I really don't think there's much point in continuing this thread because you don't seem to have read about klystrons; you seem to have made up your own story about them.
 
  • #51
No I wasn't thinking about using the output cavity as an output cavity as it is normally used in a klystron instead use it as an accelerator cavity being fed by high power RF. Maybe to make it more clear say just an accelerator which instead of continuously accelerating electron/proton bunches forward oscillates them back and forth between two such cavities , that is all I wanted to know and this in no way ruins my knowledge or learning about klystrons, why be so pessimistic all the time?Also one more thing. In high frequency power supplies, the transformer for example is wound with litz wire , due to skin effect in order to make a larger surface area for the same cross area of wire I can understand this.
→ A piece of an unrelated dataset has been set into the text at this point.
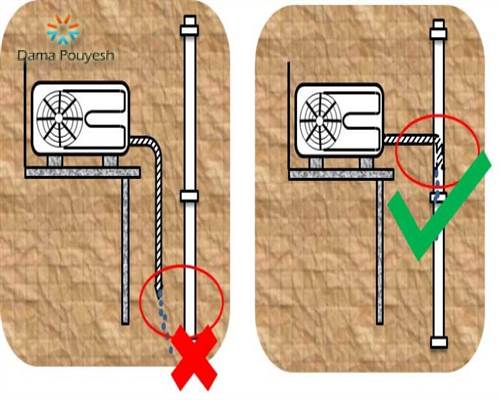  تنظیم شلنگ درین برای جلوگیری از ریزش آب از کولر گازی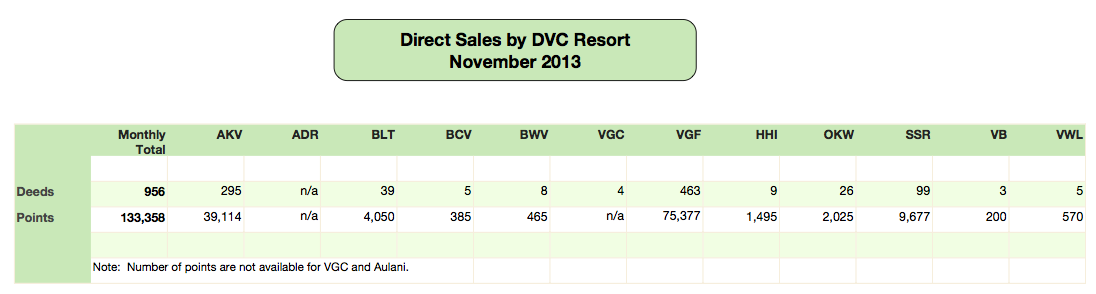 DVC Direct Sales November 2013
An RF cavity seems to be fabricated out of ordinary solid copper sheet metal that is bent etc but not made from multiple isolated copper parts, the same goes for waveguides , So please explain why here seemingly skin effect doesn't exist anymore?
 
  • #52
artis said:
use it as an accelerator
The output cavity would need a supply of RF power for this. You are talking about the techniques that are used in particle accelerators now.

artis said:
So please explain why here seemingly skin effect doesn't exist anymore?
A wound component can usefully be made of litz wire when there is a long electrical path (as in an MF inductor in a receiver tuned circuit ). Litz wire is not used for physically large components- even the coils in mf transmitters. In a waveguide, which direction would you lay the strips of wire when the current could be flowing in many different directions as the wave passes? Instead of asking a question like that, why not read about it and get yourself informed before asking? Don't expect to get educated by an endless process of Q and A on PF. That will not generate good will here.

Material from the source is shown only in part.